▶ **Given records**
++++++

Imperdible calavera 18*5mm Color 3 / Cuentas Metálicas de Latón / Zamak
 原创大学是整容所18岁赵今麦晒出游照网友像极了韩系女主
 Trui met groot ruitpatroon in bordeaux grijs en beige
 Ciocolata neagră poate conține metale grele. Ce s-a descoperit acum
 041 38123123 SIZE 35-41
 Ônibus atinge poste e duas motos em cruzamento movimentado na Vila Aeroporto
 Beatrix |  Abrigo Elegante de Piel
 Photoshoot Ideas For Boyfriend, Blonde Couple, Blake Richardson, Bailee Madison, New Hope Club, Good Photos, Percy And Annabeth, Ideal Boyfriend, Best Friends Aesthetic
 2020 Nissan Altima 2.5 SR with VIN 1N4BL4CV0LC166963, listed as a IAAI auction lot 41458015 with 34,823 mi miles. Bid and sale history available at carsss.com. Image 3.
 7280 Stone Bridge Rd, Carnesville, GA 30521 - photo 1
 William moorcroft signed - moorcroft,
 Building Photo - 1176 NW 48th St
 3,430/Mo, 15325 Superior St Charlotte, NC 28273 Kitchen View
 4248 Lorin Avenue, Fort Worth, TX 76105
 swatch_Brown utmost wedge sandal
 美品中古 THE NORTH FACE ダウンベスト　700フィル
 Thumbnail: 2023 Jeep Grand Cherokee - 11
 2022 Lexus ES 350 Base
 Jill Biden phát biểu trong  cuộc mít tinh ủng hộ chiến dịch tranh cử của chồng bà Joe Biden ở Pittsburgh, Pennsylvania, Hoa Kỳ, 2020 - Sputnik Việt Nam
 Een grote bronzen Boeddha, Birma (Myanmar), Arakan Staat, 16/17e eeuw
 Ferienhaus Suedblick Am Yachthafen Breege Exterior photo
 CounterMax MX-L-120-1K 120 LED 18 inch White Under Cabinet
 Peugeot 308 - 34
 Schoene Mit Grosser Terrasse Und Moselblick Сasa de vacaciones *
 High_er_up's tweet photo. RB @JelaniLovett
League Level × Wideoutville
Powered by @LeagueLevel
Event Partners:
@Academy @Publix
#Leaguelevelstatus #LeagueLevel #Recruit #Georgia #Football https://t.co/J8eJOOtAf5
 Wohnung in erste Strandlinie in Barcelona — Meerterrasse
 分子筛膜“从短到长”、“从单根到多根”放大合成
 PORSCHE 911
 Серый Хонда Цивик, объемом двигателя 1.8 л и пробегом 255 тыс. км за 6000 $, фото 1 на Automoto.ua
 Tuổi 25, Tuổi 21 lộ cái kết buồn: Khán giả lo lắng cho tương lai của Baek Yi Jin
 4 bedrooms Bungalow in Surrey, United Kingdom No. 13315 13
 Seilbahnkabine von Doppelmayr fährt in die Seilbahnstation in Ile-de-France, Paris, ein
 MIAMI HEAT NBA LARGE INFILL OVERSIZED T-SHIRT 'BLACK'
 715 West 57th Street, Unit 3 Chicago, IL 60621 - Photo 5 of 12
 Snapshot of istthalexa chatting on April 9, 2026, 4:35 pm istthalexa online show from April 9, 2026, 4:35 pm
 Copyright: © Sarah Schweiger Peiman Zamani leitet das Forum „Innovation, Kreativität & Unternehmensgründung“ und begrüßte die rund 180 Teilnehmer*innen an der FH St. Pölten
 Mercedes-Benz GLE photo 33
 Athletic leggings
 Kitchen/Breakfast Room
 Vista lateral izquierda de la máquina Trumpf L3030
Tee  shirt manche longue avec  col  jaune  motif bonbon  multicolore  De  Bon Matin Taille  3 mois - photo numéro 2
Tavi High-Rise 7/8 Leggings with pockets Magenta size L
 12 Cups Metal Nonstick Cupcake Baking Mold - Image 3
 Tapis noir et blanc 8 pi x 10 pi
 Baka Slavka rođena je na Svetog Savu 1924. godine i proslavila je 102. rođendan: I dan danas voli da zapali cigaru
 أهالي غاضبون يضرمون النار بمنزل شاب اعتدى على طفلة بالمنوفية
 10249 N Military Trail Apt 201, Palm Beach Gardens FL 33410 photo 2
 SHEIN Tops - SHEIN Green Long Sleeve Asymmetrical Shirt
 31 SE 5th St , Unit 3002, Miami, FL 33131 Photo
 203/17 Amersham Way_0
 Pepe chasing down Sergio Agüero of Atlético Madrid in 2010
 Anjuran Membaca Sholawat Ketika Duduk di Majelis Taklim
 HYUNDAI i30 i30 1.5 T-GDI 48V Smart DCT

++++++

▶ **Your task**
Retype only the stretch of lines above starting at the one with "3,430/Mo, 15325 Superior" and stopping at the one with "Jill Biden phát", exactly as written, with both kept.

▶ **Result**
 3,430/Mo, 15325 Superior St Charlotte, NC 28273 Kitchen View
 4248 Lorin Avenue, Fort Worth, TX 76105
 swatch_Brown utmost wedge sandal
 美品中古 THE NORTH FACE ダウンベスト　700フィル
 Thumbnail: 2023 Jeep Grand Cherokee - 11
 2022 Lexus ES 350 Base
 Jill Biden phát biểu trong  cuộc mít tinh ủng hộ chiến dịch tranh cử của chồng bà Joe Biden ở Pittsburgh, Pennsylvania, Hoa Kỳ, 2020 - Sputnik Việt Nam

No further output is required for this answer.